- Born: November 30, 1947 Vaghoudi, Sisian
- Died: June 12, 2006 (aged 58)
- Buried: Yerablur pantheon
- Allegiance: Armenia
- Branch: General Staff
- Rank: Major-General
- Commands: Intelligence Department
- Awards: Order for Strengthening Partnership
- Children: 2

= Basentsi Azoyan =

Armenian Major-General and chief of the Intelligence Department

Basentsi Azoyan (November 30, 1947, Vaghoudi, Sisian – 12 June 2006) was a Major-General and chief of the Intelligence Department of the Armenian armed forces general staff.

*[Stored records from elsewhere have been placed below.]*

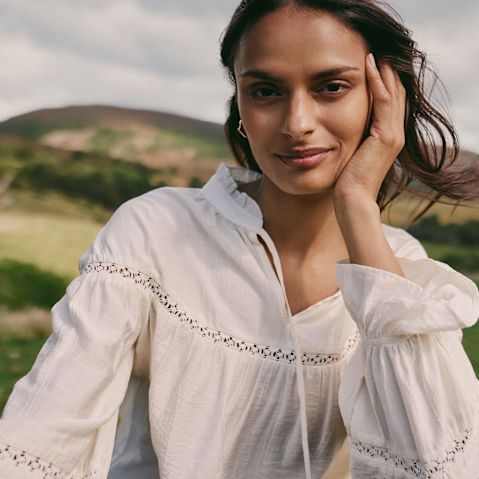 Romantische weiße Bluse mit Spitze und Puffärmeln.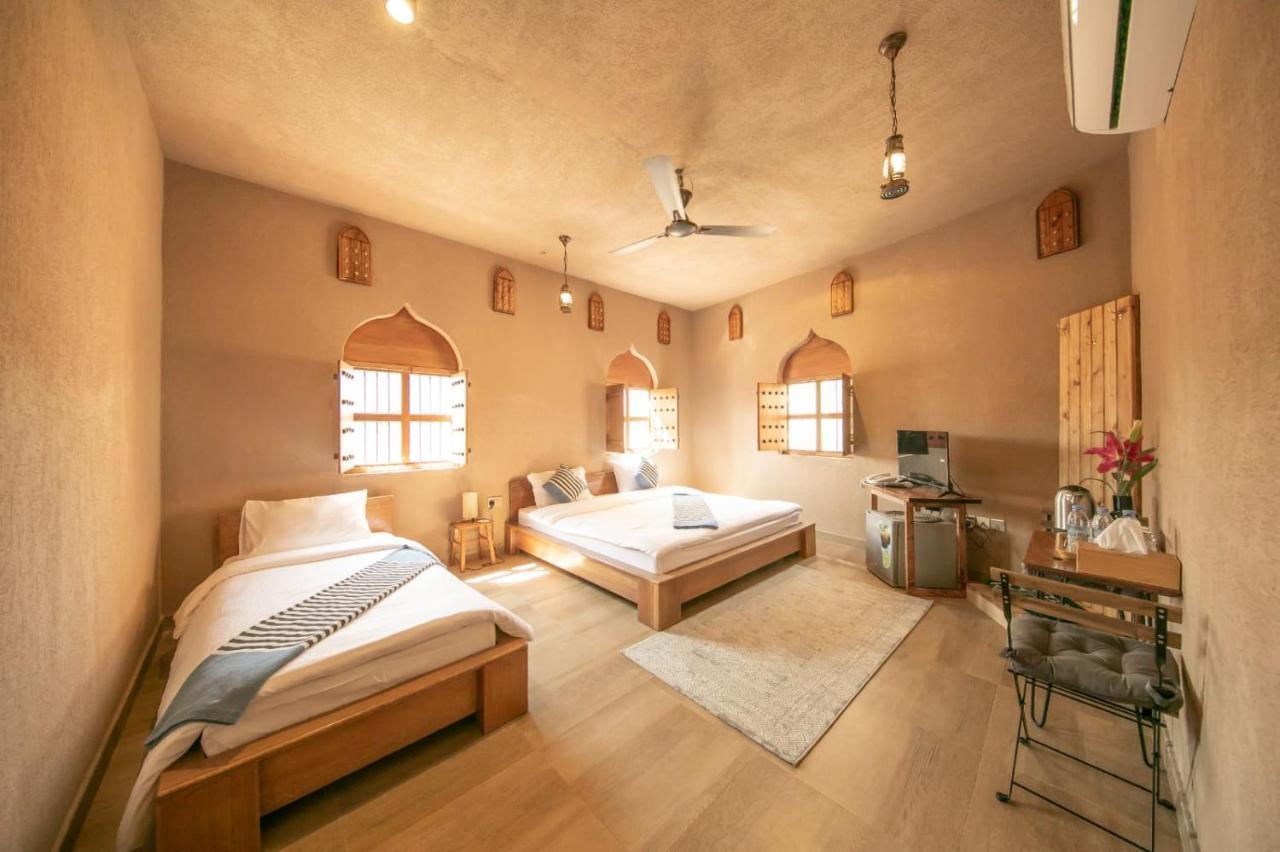 Alaqur View Inn نزل واجهة العقر นิซวา ภายนอก รูปภาพ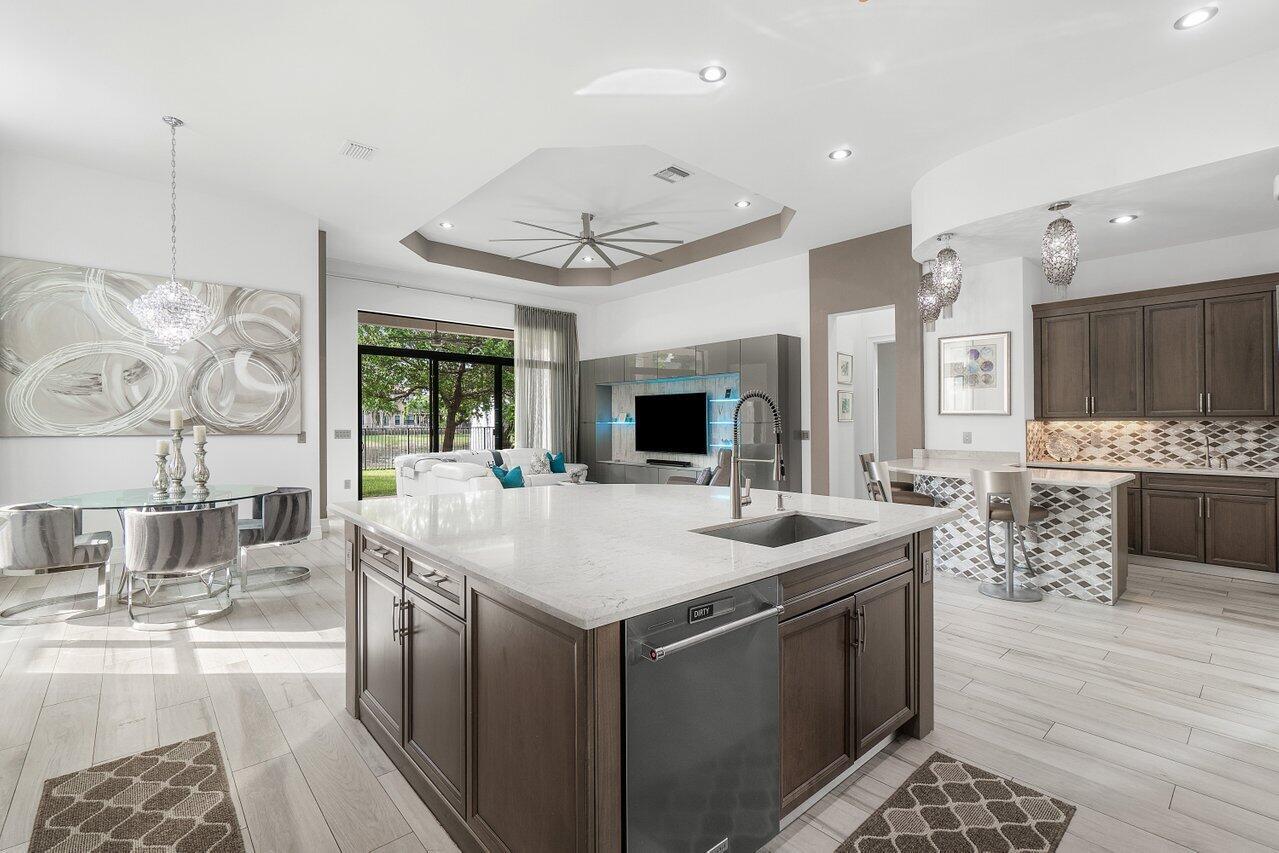 9736 Vitrail Lane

A graduate of the KGB’s Institute, from 1974 to 1995, Basentsi Azoyan occupied high posts in the national security system. In 1980-1982, he was detached to Iran and in 1983–1986 to Afghanistan. Since 1995, Basentsi Azoyan served in the Armenian armed forces. He was decorated with the orders for Military Service: Marshal Ivan Baghramian, Andranik Ozanyan, Garegin Nzhdeh, the order for Strengthening Partnership and the order for Irreproachable Service as well as with the USSR medals and orders.

He died at the age of 59 on June 12, 2006, and was buried at the Yerablur pantheon. Major-General Azoyan was married with two children.